(Saved data entries)
|---|

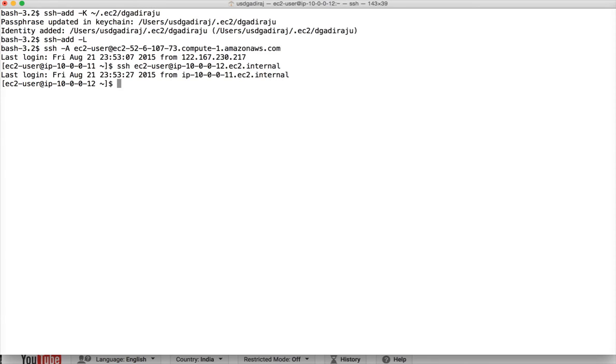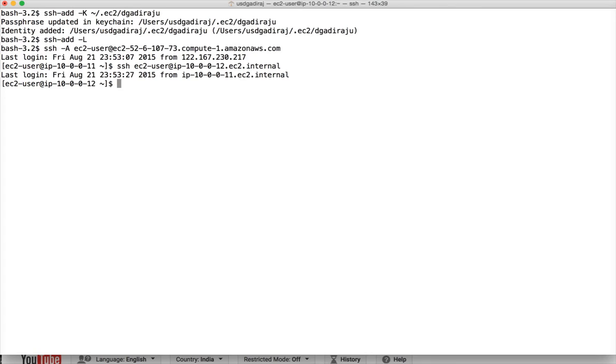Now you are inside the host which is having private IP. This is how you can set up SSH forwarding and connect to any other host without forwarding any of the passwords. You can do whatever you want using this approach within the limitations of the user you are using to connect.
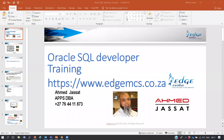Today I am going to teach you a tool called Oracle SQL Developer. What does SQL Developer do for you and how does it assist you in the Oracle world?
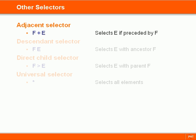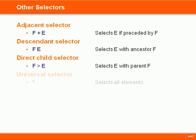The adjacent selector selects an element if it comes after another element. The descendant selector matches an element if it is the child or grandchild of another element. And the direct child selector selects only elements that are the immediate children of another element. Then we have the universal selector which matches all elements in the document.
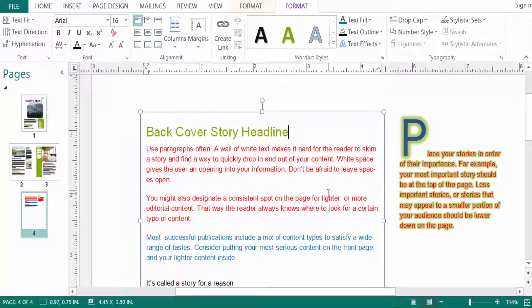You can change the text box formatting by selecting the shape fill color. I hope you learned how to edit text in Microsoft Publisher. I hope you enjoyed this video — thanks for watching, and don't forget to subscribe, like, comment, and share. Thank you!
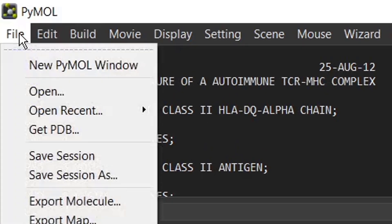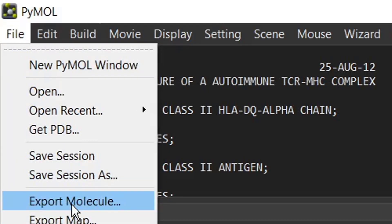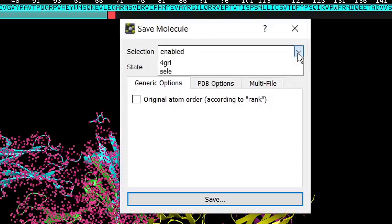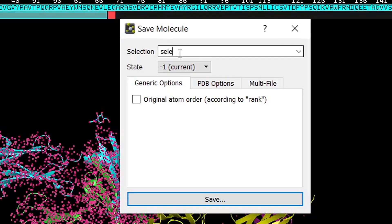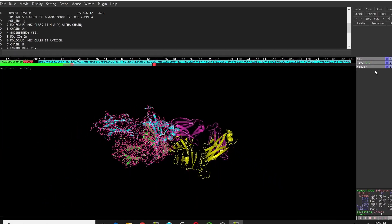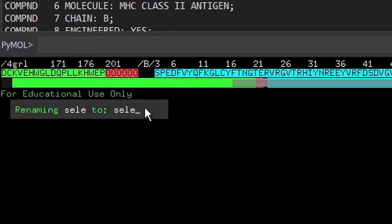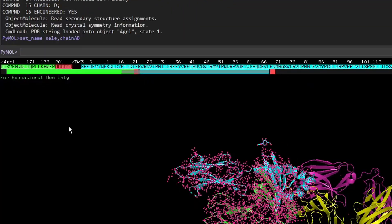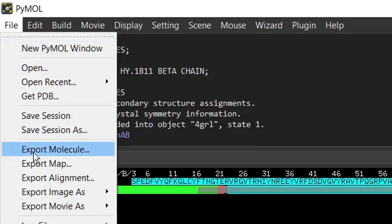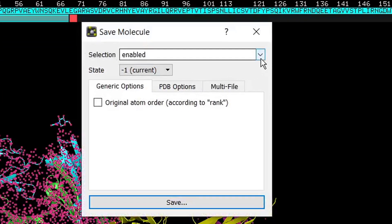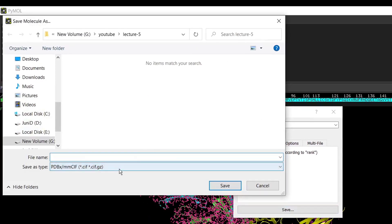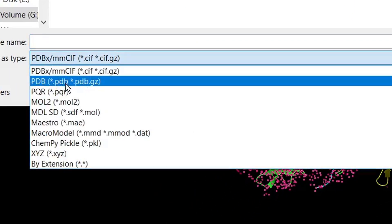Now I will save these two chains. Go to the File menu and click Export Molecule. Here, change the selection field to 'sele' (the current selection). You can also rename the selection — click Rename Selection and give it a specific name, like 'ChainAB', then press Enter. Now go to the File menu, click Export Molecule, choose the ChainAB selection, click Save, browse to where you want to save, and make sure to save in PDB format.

|---|

REQUIREMENT | Reproduce the lines above exactly, please, but not the pictures in them.

WRITTEN RESPONSE |
Now you are inside the host which is having private IP. This is how you can set up SSH forwarding and connect to any other host without forwarding any of the passwords. You can do whatever you want using this approach within the limitations of the user you are using to connect.
Today I am going to teach you a tool called Oracle SQL Developer. What does SQL Developer do for you and how does it assist you in the Oracle world?
The adjacent selector selects an element if it comes after another element. The descendant selector matches an element if it is the child or grandchild of another element. And the direct child selector selects only elements that are the immediate children of another element. Then we have the universal selector which matches all elements in the document.
You can change the text box formatting by selecting the shape fill color. I hope you learned how to edit text in Microsoft Publisher. I hope you enjoyed this video — thanks for watching, and don't forget to subscribe, like, comment, and share. Thank you!
Now I will save these two chains. Go to the File menu and click Export Molecule. Here, change the selection field to 'sele' (the current selection). You can also rename the selection — click Rename Selection and give it a specific name, like 'ChainAB', then press Enter. Now go to the File menu, click Export Molecule, choose the ChainAB selection, click Save, browse to where you want to save, and make sure to save in PDB format.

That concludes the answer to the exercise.